La vicenda – “Le amministrazioni dello Stato, le Regioni e gli enti locali, nonché gli organi costituzionali nell’ambito della propria autonomia, hanno facoltà di recedere, entro il 31 dicembre 2014, dai contratti di locazione di immobili in corso alla data di entrata in vigore della legge di conversione del presente decreto. Il termine di preavviso per l’esercizio del diritto di recesso è stabilito in trenta giorni, anche in deroga a eventuali clausole difformi previste dal contratto”. Questo articoletto, per la precisione 2-bis del d.l. (decreto legge) 120/2013, con modificazioni, dalla legge del 13 dicembre 2013, è stato soppresso.
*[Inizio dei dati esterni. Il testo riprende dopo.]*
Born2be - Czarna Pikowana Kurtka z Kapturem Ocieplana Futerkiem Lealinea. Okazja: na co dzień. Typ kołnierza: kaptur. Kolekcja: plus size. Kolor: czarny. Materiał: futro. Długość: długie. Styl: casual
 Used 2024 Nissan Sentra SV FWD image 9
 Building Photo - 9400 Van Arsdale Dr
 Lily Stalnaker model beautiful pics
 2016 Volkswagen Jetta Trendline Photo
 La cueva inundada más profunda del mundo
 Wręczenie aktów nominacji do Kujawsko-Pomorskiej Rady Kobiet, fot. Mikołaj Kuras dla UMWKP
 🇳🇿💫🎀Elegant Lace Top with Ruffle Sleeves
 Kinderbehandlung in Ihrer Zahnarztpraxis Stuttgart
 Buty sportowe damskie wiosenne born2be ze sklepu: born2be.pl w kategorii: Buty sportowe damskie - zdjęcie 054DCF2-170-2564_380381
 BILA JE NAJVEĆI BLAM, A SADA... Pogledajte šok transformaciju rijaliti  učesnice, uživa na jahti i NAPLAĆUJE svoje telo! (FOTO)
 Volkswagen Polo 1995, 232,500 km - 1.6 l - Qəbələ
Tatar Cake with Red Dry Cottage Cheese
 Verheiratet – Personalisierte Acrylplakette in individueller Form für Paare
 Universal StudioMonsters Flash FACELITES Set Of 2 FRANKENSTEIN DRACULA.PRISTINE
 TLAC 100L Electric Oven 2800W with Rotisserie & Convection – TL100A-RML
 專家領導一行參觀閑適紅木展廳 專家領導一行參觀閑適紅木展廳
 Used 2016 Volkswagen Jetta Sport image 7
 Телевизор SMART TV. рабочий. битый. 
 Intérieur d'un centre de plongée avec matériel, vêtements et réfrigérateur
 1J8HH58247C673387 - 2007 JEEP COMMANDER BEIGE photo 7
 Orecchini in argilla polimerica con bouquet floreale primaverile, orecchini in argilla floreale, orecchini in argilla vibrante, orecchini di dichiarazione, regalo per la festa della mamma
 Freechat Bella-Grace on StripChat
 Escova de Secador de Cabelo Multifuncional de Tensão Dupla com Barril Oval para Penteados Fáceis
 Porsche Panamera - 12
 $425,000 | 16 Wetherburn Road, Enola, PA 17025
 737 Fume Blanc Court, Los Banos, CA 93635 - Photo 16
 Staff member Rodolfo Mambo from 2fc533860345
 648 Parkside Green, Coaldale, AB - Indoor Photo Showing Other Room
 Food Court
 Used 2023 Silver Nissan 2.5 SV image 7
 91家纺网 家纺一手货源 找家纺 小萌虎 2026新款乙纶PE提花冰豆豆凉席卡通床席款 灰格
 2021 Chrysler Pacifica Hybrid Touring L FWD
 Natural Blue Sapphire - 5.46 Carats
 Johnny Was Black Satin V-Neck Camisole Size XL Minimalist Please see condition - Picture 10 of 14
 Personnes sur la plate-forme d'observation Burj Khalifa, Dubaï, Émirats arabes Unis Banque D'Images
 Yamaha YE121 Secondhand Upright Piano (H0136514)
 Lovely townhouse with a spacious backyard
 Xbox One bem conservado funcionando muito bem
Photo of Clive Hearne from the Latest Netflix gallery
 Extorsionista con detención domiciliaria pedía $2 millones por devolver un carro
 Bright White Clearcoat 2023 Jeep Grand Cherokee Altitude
La sua vita? Tutta in una settimana: sei giorni fa il Senato approva, oggi boccia. Il recesso della locazione di immobili destinati alla Pubblica Amministrazione è stato cancellato in fretta e furia. Del resto, alcuni di questi palazzi, come Palazzo Marini, gli edifici che ospitano le segreterie dei deputati, sono stati presi in affitto anni fa, attraverso il meccanismo del ‘global service’, dall’immobiliarista Sergio Scarpellini, generoso di finanziamenti a partiti di destra e sinistra. L’operazione è cosa vecchia: fine anni 90’. Scarpellini, attraverso un accordo bipartisan, stipula un contratto (senza gara d’appalto, si intenda) tra la sua società, Milano 90, è la Camera dei Deputati, mettendo a disposizione di Montecitorio stanze e servizi di quel palazzo. Ed il prezzo è risultato tutt’altro che a buon mercato: 500 euro annui a metro quadro. La Camera dei Deputati, praticamente, avrebbe speso ben 444 milioni di euro per diciotto anni di affitto di quei quattro edifici. Sarebbe stato comprato a mani basse con una somma tale
Dopo anni di sforzi si era riusciti a disdettare un edificio. Presa come base la disdetta del primo, attraverso l’approvazione della ‘manovrina’ si era riusciti ad abbattere la resistenza alla rescissione dei contratti per gli altri tre edifici (26 milioni di solo canone). A tempo record però (sei giorni), a Palazzo Madama si discute del decreto “misure finanziarie urgenti in favore di regioni ed enti locali”, un emendamento che cancella la disposizione passata. Si ritorna lo status quo. Per la casta – ed in questo caso va usato il termine – si può tirare un sospiro di sollievo: i voti della maggioranza vengono surclassati. C’è qualcuno dell’opposizione che vota con le larghe intese per il mantenimento degli altissimi canoni d’affitto degli uffici di Montecitorio. Alla Camera il 5 Stelle Fraccaro ripropone tale e quale il decreto che comporta la possibilità di disdetta da quell’onerosissimo contratto: è, ovviamente, bocciato. Ma comunqe è un segnale. Un’indicazione di cambiamento, da parte dei grillini, contro l’arroccamento delle vecchie posizioni, sebbene il nuovo corso renziano. Fraccaro sfida il neo segretario dem: “L’ufficio di Presidenza si è detto disponibile a riproporre la questione. Vediamo se Renzi è coerente”. Ma si sa: i tempi della politica cambiano così in fretta, a volte più della società. Renzi, che ha giurato di tagliare di un miliardo i costi della politica, certificati dalla Uil per 23 miliardi circa (http://www.termometropolitico.it/91817_la-politica-costa-23-miliardi-lanno-757-euro-testa.html), , deve fare i conti con un gruppo parlamentare poco renziano, una schiera che è stata votata in quote diverse dalla corrente del sindaco di Firenze e che poi si è spostata con Renzi, alla vecchia maniera trasformista, poco tempo prima del congresso per evitare di essere spazzata via.